The Next U.S. Telecom Act -- Pennsylvania as Ugly Indicator

Network World columnist Scott Bradner sees the recently passed Pennsylvania law, which requires cities to ask permission from telcos before deploying their own networks, as an ugly indicator of things to come in his recent column.

What system of government puts companies ahead of elected officials? Reasoned comments invited.

Comments:
Not far from Italian Telecom.
Italy signed the Geneva Telecom Act and we would be supposed to be free to use the 2.4 GHz frequency.

But the only allowed frequency is 26 GHz. that doesn't have any use or application.
That is for sure.
Could we really think to be able to infringe the Telecom Monopoly?

But that is not even the fault of the Telecom.
The fault is in those who agree that it is a shame, but do nothing to change it.

We have the World that the majority of us deserves to have...

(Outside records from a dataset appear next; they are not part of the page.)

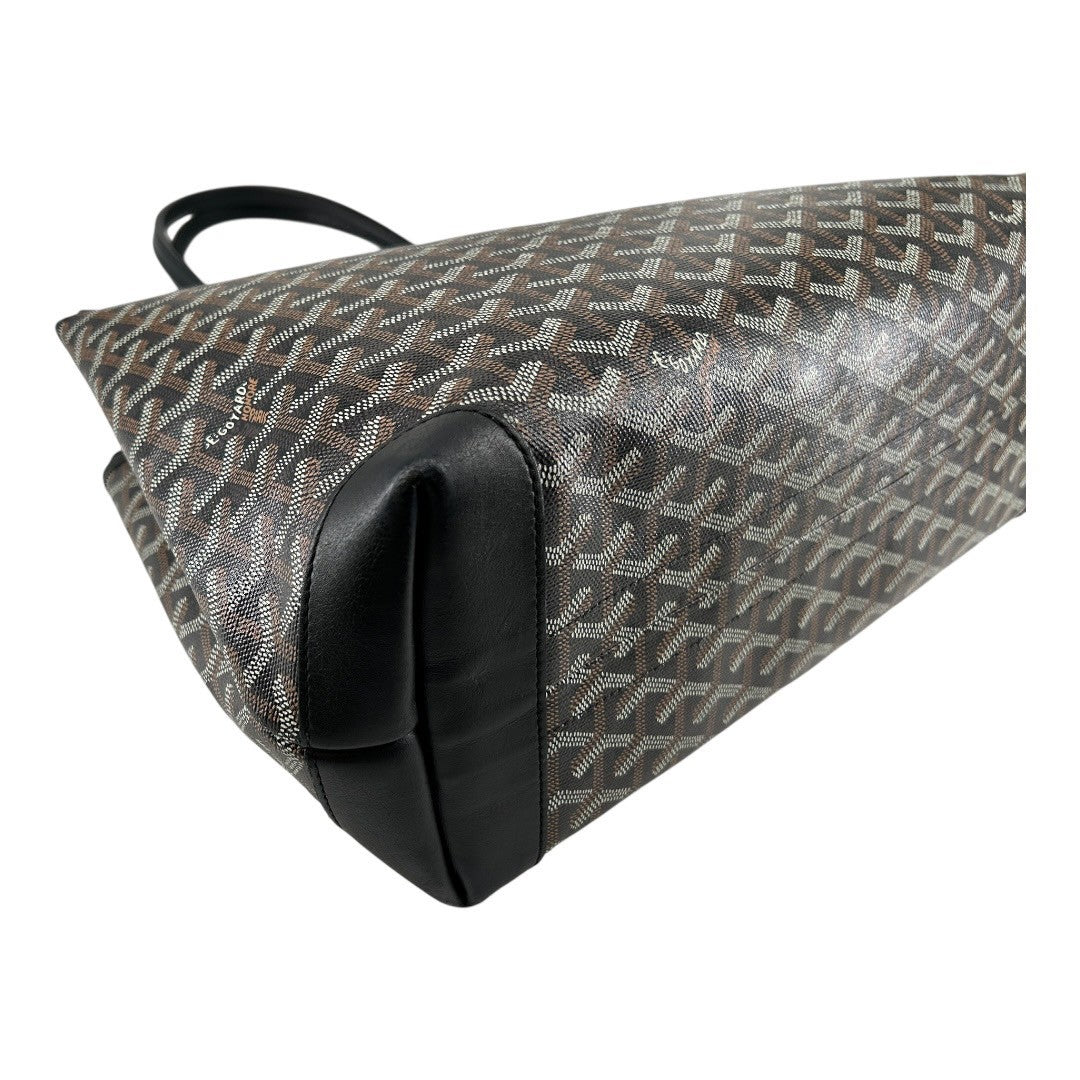 GOYARD Tote bag Persian PM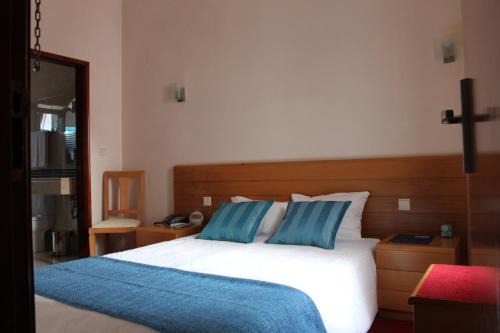 Sao Mamede de Infesta Hotel | Discover Hotel Quasar: Family-Friendly with Kitchen Amenities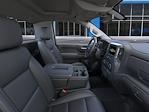 2025 Chevrolet Silverado 1500 Regular Cab 2WD Pickup for sale #CS7659 - photo 18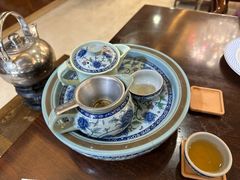 -东江海鲜酒家(艺都分店)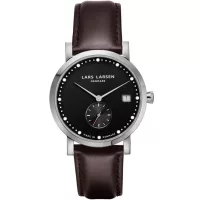 Lars Larsen órák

Patrizia form a World on IP

patrizia@worldonip.com

http://woip.blogspot.com
 
Historically, municipally and state run broadband infrastructure -- whether local cable or special networks (like for universities) -- has equalled or exceeded the performance of comparable private infrastructure, and usually at lower cost.

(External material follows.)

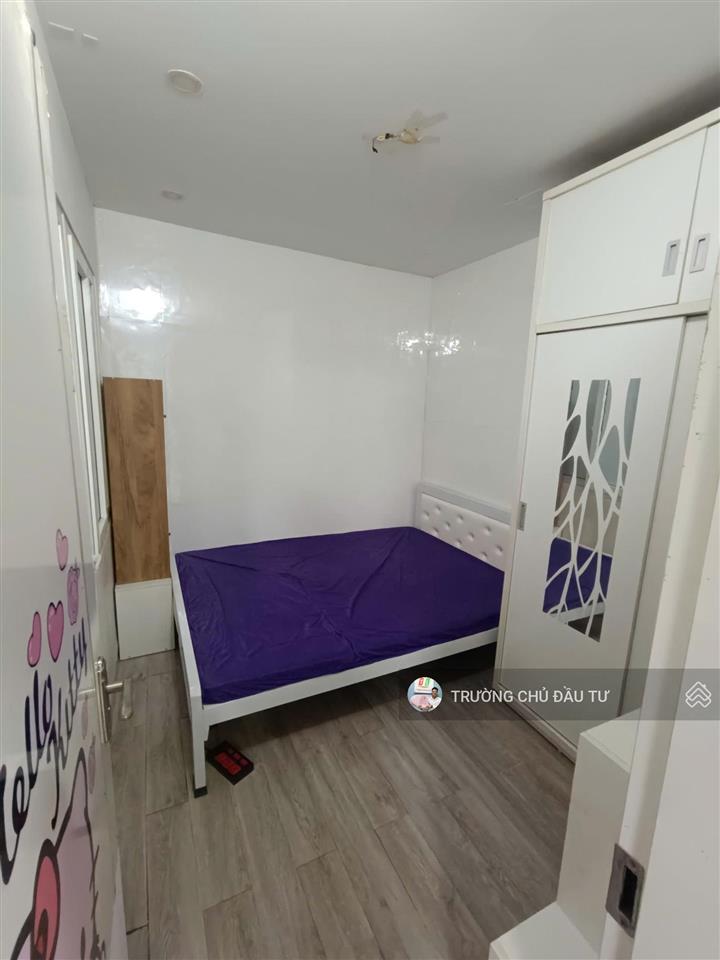 Căn 1 ngủ 1 khách 40m2  giá 5,5tr  full đồ  mễ trì hạ  nam từ liêm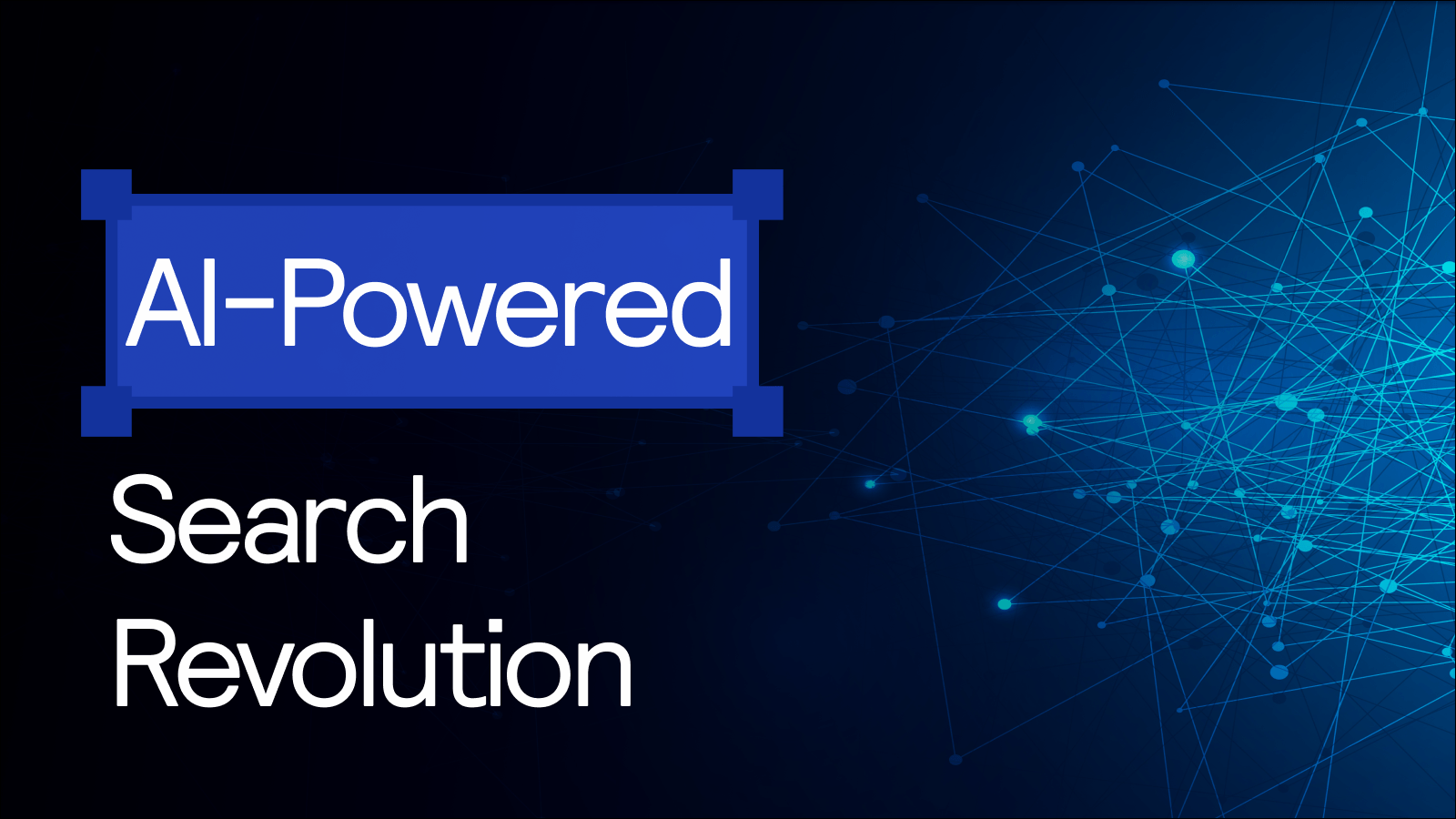 La révolution de la recherche propulsée par l'IA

Commercial telecom providers know they can't compete with publicly owned systems, head to head -- they complain that public systems have certain advantages, like eminent domain, but so what? -- thus the proliferation of anti-public-ownership laws.

In fact, this trend is not new. It's been going on at least since the mid-70s, when the cable industry vociferously fought the emergence of high-capacity, low-cost city- and county-owned cable systems. Those public system that got built are still leading the pack

Unfortunately, a good number of these systems were sold by local governments, lobbied or forced by state legislatures to do so. Folded into commercial networks, over time they've degraded to the same over-priced, middling-quality service.

Why are we not surprised that Pennsylvania, an increasingly shoot-itself-in-the-foot state, is following this trend? Or that the Republican Congress, purposely divvied up among telecom vendors for maximum campaign contributions -- this Congressman for the telcos, that one for the cable ops, that one for the CLECs -- is applauding, behind the scenes?

Welcome to the New Telecommunications Frontier.